Apesar das inúmeras auditorias, o sistema eleitoral venezuelano já teve sua lisura questionada em pleitos anteriores:
- Em agosto de 2017, a Smartmatic, empresa que forneceu ao país a tecnologia para as urnas eletrônicas com impressão de voto, apontou que houve uma diferença de ao menos 1 milhão de eleitores no final da votação para a Assembleia Nacional Constituinte. O CNE negou a acusação;
- No mesmo pleito, membros do Parlamento — que era de maioria oposicionista — foram excluídos do processo de renovação do CNE pelo Tribunal Supremo de Justiça da Venezuela — equivalente ao STF brasileiro;
- Meses depois, a OEA denunciou irregularidades na eleição para governadores, como a manipulação do programa eleitoral e a alteração de etapas previstas na lei venezuelana. A oposição, na época, também alegou que houve mudanças de última hora em locais de votação para tentar interferir nos resultados;
- Em 2018, já nas eleições presidenciais, também foi apontada a existência de “pontos vermelhos”: barracas instaladas pelo partido de Maduro perto dos locais da votação para “checar” quem compareceu às urnas. Antes do pleito, Maduro prometeu “prêmios” para quem participasse da eleição, o que foi visto como uma tentativa de compra de votos;
- Em 2020, os membros do Conselho Nacional Eleitoral não foram escolhidos pelo Congresso, como determina a legislação, e sim pelo regime chavista. A oposição tratou o caso como uma forma de fraudar as eleições.
Vale ressaltar que o regime de Maduro também tem um histórico de perseguição contra opositores. Já há denúncias de irregularidades mesmo na eleição marcada para o próximo domingo (28): em nota publicada no final de abril, a ONU denunciou o desaparecimento de pessoas ligadas ao partido de oposição.
Também há suspeitas de que o ditador tenha articulado com o Supremo Tribunal de Justiça uma decisão que cassou os direitos políticos de uma opositora, a ex-deputada María Corina Machado. A política está impedida de assumir cargos públicos por 15 anos.

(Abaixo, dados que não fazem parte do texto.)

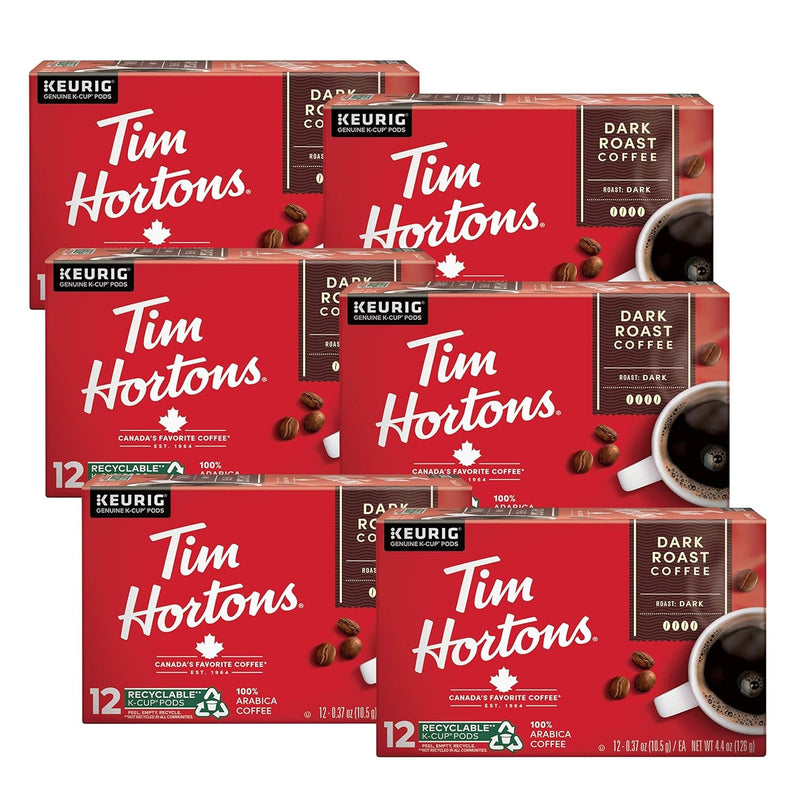 Tim Hortons French Vanilla Coffee, Single-Serve K-Cup Pods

Na última segunda-feira (22) também foi noticiado que sites de ONGs e veículos jornalísticos críticos ao regime foram censurados no país.
Colaborou Amanda Ribeiro.
O caminho da apuração
Aos Fatos separou a declaração de Maduro em quatro partes para dividir a apuração das informações. Foram procuradas as legislações eleitorais de cada um dos países citados por ele — Brasil, EUA, Colômbia e Venezuela — e documentos que explicassem os processos de auditoria em cada um deles.
Para o contexto do cenário eleitoral venezuelano, Aos Fatos buscou informações em relatórios de agências internacionais, além de relatos publicados pela imprensa.
Por fim, Aos Fatos procurou a Imprensa Presidencial venezuelana por meio do email, mas não recebeu resposta.